Dentro un flusso continuo di pensieri, Agilulfo sa giostrarsi bene tra il regitro ironico e quello appassionato (“Leggendo queste parole, forse tornerai a tenere fra le tue braccia il mio cuore, come si fa con una trapunta quando il freddo pietà non ha”), con una voce elegante che non disdegna similitudini e metafore.
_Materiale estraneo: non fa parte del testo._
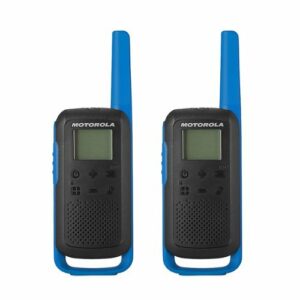 Motorola - T270 25-mile 22-Channel FRS 2-Way Radios Pair with IXTN4011AR Single Pin Earpiece - Blue & Black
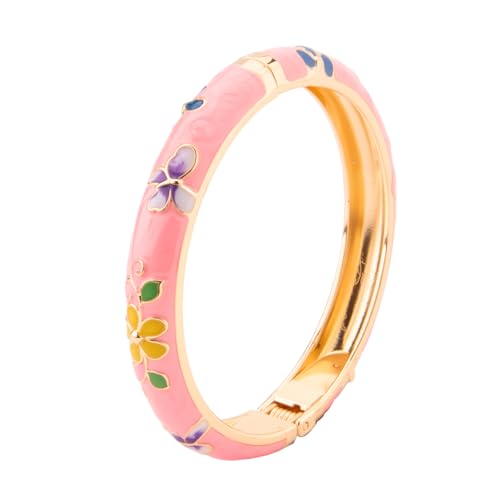 Image of UJOY Bangles 5 Pcs Enamel Jewelry Set Rose Flower Engraved Cloisonne Bracelets Pack in a Box 5PCS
E’ un libro che va affrontato con cura, pieno di stimoli e suggestioni. Ne va assaporata pagina per pagina la tecnica di scrittura. Soprattutto penso che l’a. sia stato capace di immergere il lettore nel viaggio interiore del protagonista. Agilulfo ci prende la mano, ci conduce nei meandri del suo essere, ed è come se ci strizzasse l’occhio, ben sapendo che incontreremo pagine dove ci riconosceremo in lui.
Francesca –
Non siamo più abituati alle lettere, al limite usiamo le mail o il più delle volte messaggi più o meno brevi. Questo romanzo è una lunga lettera, e questa scelta ci porta un po’ indietro nel tempo, in un’atmosfera che sembra non esserci più, a ciò che eravamo. Anche l’insolito nome del protagonista, Agilulfo, in un certo senso ci trasporta in un tempo diverso dal nostro. Eppure non si parla di tempi antichi, si parla degli anni ottanta, che molti di noi hanno felicemente vissuto e ricordano, ma che per i giovani sono davvero molto lontani. Ma attenzione, non si tratta solo di un amarcord per nostalgici; sebbene la nostalgia sia dietro l’angolo – con le canzoni, le trasmissioni del tempo, gli eventi collettivi (come la storia di Alfredino Rampi) – ecco che il lungo flusso di coscienza di Agilulfo, scrittore egli stesso, vuole dirci anche altro: vuole farsi portavoce dell’autore che “approfitta” di lui per esprimere le sue opinioni su tanti aspetti dell’esistenza. E allora trovano spazio la vita, la morte, l’amore, la pazzia. Ed è un mondo ricco di aggettivi. Tra ricordi di scuola e personaggi davvero coinvolgenti, momenti esilaranti di fantozziana memoria. Non mancano le invettive contro gli idoli della società moderna, le critiche alla politica e ad alcuni ambienti: “Ogni volta che ti vogliono rifilare una fregatura, dicono che è la democrazia”. Critiche in cui mi sono molto riconosciuta. I contrasti abbondano: la libertà e la schiavitù dell’individuo, che crede di essere libero possedendo tutto per poi vivere secondo ciò che il consumismo impone. Come nella lunga scena del ferragosto – “Signore, liberaci dai riti dell’estate” (parole sante).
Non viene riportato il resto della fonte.